Print the listing below in its entirety, character for character.

::::

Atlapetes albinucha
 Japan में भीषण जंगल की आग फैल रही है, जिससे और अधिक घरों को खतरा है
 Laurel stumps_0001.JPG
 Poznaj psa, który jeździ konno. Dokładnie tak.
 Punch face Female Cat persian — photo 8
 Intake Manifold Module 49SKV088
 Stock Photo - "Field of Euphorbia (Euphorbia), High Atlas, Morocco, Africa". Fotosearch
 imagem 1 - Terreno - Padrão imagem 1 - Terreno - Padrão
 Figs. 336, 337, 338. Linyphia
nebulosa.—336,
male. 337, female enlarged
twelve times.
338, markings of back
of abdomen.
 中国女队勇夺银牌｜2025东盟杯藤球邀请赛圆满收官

::::

EXERCISE OUTPUT:
Atlapetes albinucha
 Japan में भीषण जंगल की आग फैल रही है, जिससे और अधिक घरों को खतरा है
 Laurel stumps_0001.JPG
 Poznaj psa, który jeździ konno. Dokładnie tak.
 Punch face Female Cat persian — photo 8
 Intake Manifold Module 49SKV088
 Stock Photo - "Field of Euphorbia (Euphorbia), High Atlas, Morocco, Africa". Fotosearch
 imagem 1 - Terreno - Padrão imagem 1 - Terreno - Padrão
 Figs. 336, 337, 338. Linyphia
nebulosa.—336,
male. 337, female enlarged
twelve times.
338, markings of back
of abdomen.
 中国女队勇夺银牌｜2025东盟杯藤球邀请赛圆满收官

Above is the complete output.